In 1904, Mother Cabrini established the Queen of Heaven Orphanage for girls in Denver. She also opened a girls summer camp, that opened circa 1912.
Although no longer a summer camp for girls, the Mother Cabrini Shrine still hosts individual and group retreats, and people who visit the shrine for mass or as a quiet, peaceful getaway place to pray, meditate or reflect.
Hellos and farewells to county faces
Donald Rosier — Jefferson County Commissioner Donald Rosier is vacating his county commissioner seat one year early to become the general manager of the Sterling Ranch Community Authority Board.
Rosier, a Republican, represents District Three, which is the southern part of Jefferson County. He was elected to the seat in 2010 and re-elected to serve another four years in 2014. He is term limited next year.
The vacant position will be filled by the Vacancy Committee of the Jefferson County Republican Party. That person will serve the county alongside Republican Libby Szabo, who is chair of the Board of County Commissioners; and Democrat Commissioner Casey Tighe.
John Zabawa — After a career with the Seniors’ Resource Center that began in 1981, John Zabawa, 66, retired from his role as president and CEO of the Seniors’ Resource Center on Aug. 31.
Monica Roers, a woman with more than 20 years of experience in leadership roles with nonprofit organizations, assumed the position on July 11.

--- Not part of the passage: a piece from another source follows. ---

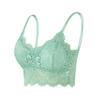 32A-95C Women Sleeveless Lace Vest Bra Cropped Top Camisole Padded Tank Tops Fitness Underwear Floral Lace… More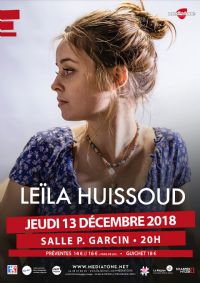 Leïla Huissoud. Le jeudi 13 décembre 2018 à Lyon. Rhone.  20H00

The Seniors’ Resource Center is a nonprofit provider of information, services and advocacy for seniors. Its programs and services, which are designed to help seniors remain independent and living in their own homes, expand to 10 counties in the Denver metro area.

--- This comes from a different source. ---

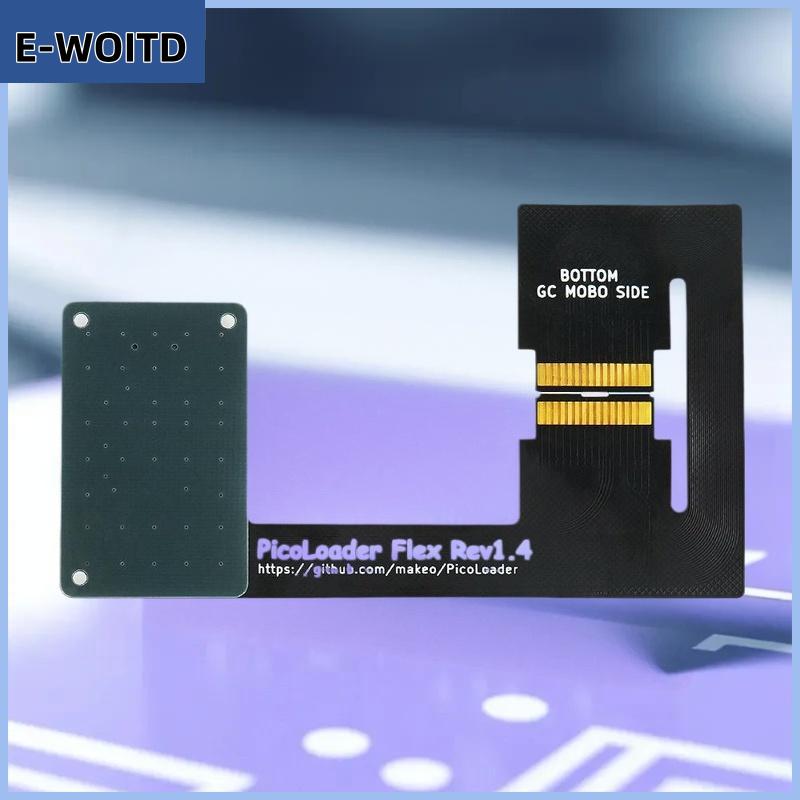 【E-WOITD】 1ชุดอุปกรณ์เสริมคอนโซลเกมคิวบ์สายพิโกโลเดอร์การออกแบบแบบไม่ต้องบัดกรีเข้ากันได้ SD2SP2 SDGecko GC2SD ราคา 979 บาท*ส่งฟรี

Col. Don Davis — In February, the Jefferson County Board of County Commissioners selected Col. Don Davis, 49, to become the new county manager. Davis assumed the role on May 1.
He replaced Ralph Schell, who retired in March. Schell was the county manager for seven years, and had a 30-year career with parks and open space.
Davis has a 27-year military career under his belt, during which he held various leadership roles. He was deployed overseas five times, and received a number of awards and medals. He moved to Colorado two years ago with his family when he was assigned the role of Chief of Strategy and Campaign Plans for United States Northern Command and North American Aerospace Defense Command based in Colorado Springs.
Jeffco EDC — Sam Bailey was appointed as president and CEO of the Jefferson County Economic Development Corporation (Jeffco EDC) in 2016. It became effective on Jan. 3, 2017.
However, Bailey resigned about seven months later, and in August joined the Metro Denver EDC to become its vice president of economic development.
Steve Friesen — Steve Friesen, 64, a published author retired from his position as director of the Buffalo Bill Museum and Grave at the end of September. His career with the museum began in 1995.
Friesen has plans to write, travel, and continue to do museum consulting.
Perlmutter’s brief campaign
U.S. Rep. Ed Perlmutter (D) of Arvada entered into the 2018 Colorado gubanatorial race, only to withwdraw three months later on July 11.
He also announced that he would not to run for re-election to keep his seat as house representative for Colorado’s 7th Congressional District. However, on Aug. 21, Perlmutter announced his decision to run for re-election to keep his House seat.
The Colorado’s 7th Congressional District covers much of Jefferson County, including Golden, Lakewood, Wheat Ridge and Arvada, as well as much of Westminster, Thornton and Northglenn.
“I love this state,” Perlmutter said. “As a Democrat in a Republican congress under the Trump White House, I’m going to make the best of it that I can.”